“If you think of Serbia, Croatia and Bosnia there were war crime tribunals set up because of atrocities in those places. Those atrocities were absolutely no worse than the atrocities perpetrated in Latin America, and the hand behind the perpetrators was the United States,” says Jean Franco.
Launched in January 2014, the histories of violence “Disposable Life” project interrogates the meaning of mass violence and human destruction in the 21st Century. Inviting critical reflections from renowned public intellectuals, artists and writers, this three year project will feature a series of monthly filmed reflections from our illustrious list of participants (see contributors below); a subsequent feature film for public broadcast; accompanying book of complementary essays and associated publications/media articles; along with a series of global events that will bring together the Arts, Humanities and Social Sciences to offer innovative and publicly engaging forums to inform debate and rethink the ideals of global citizenship.
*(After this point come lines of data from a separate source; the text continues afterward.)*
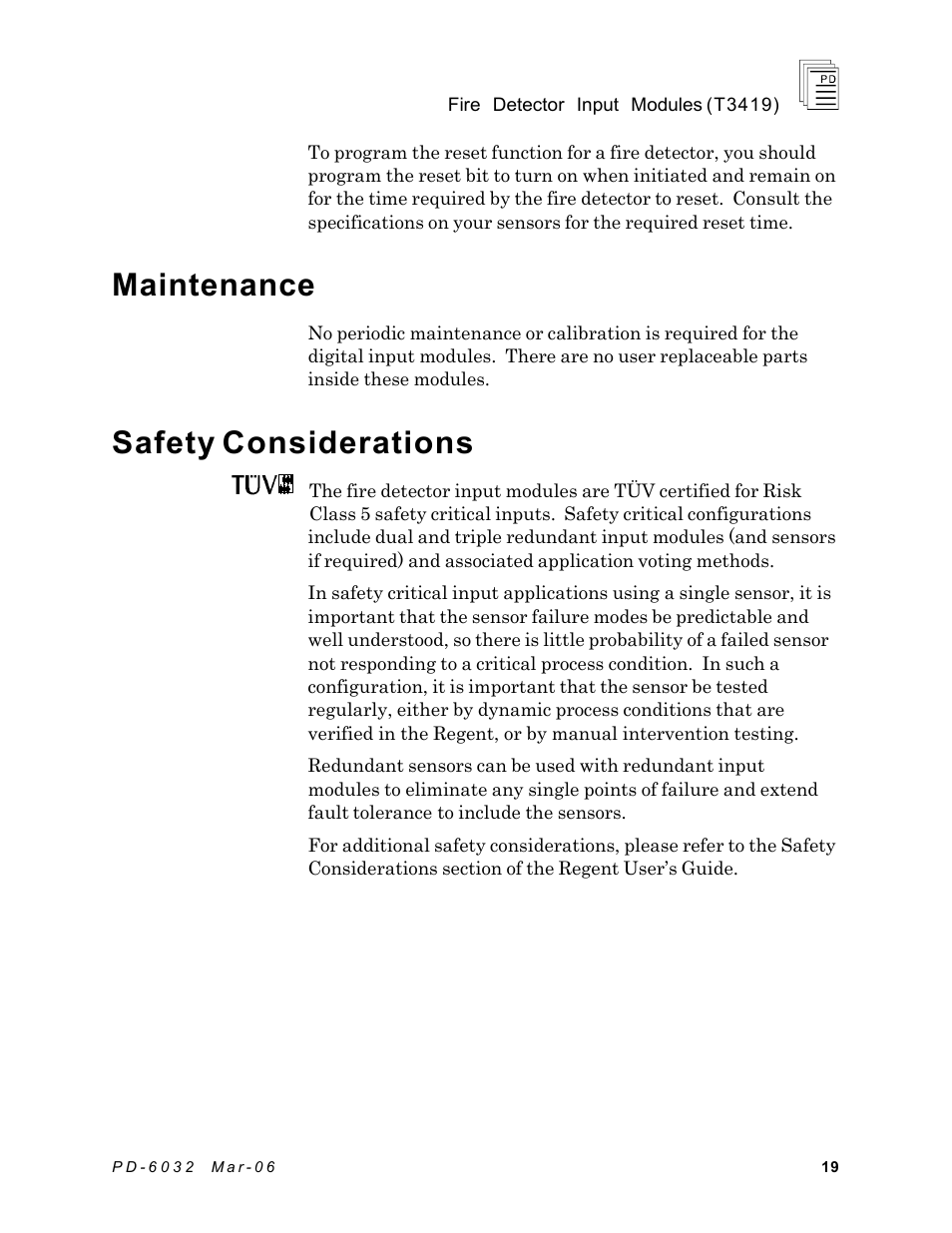 Maintenance, Safety considerations | Rockwell Automation T3419 ICS Regent Fire Detector Input User Manual | Page 19 / 21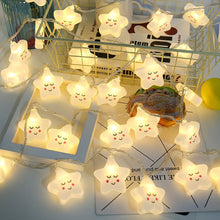 Load image into Gallery viewer, Cartoon Smile Star LED Light String String Fairy Light Battery For Baby Children Room Decoration Indoor Wedding Party Decoration
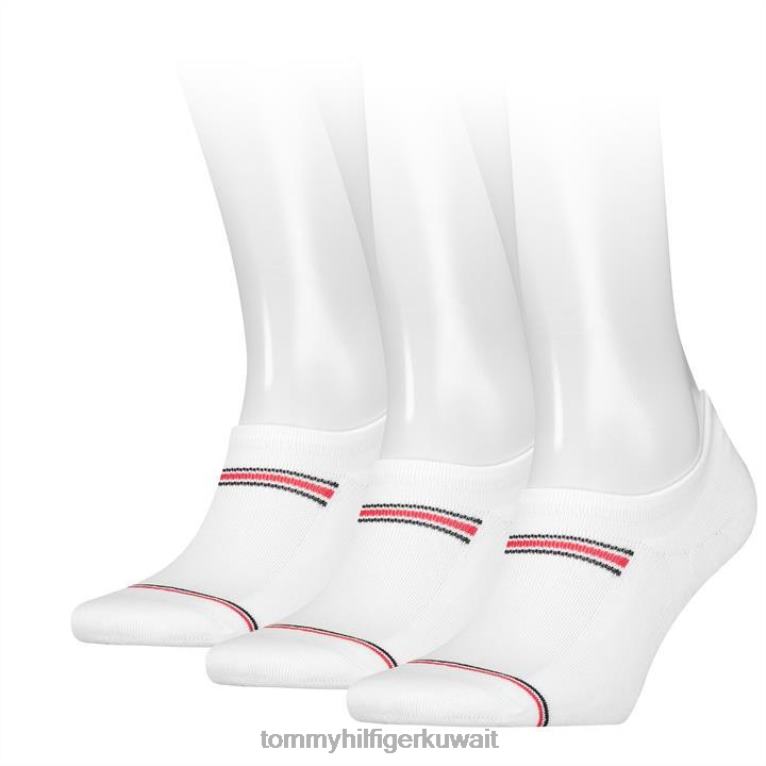 أبيض Tommy Hilfiger عبوة من 3 جوارب رياضية للرجال 4464420152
The tenth contribution to our reflections series is provided by the renowned Latin American specialist Jean Franco. Drawing upon her extensive understanding and personal experience of the region, Franco maps out the history of state violence as perpetrated against disposable populations, notably indigenous, onto the privatization of atrocity in more contemporary times and what this means for normalizing a fatalistic politics that destroys hope and political transformation. Franco focuses directly here on the symbolic nature of violence against disposable bodies, onto asking searching questions regarding complicity and who should still be held responsible for past atrocities.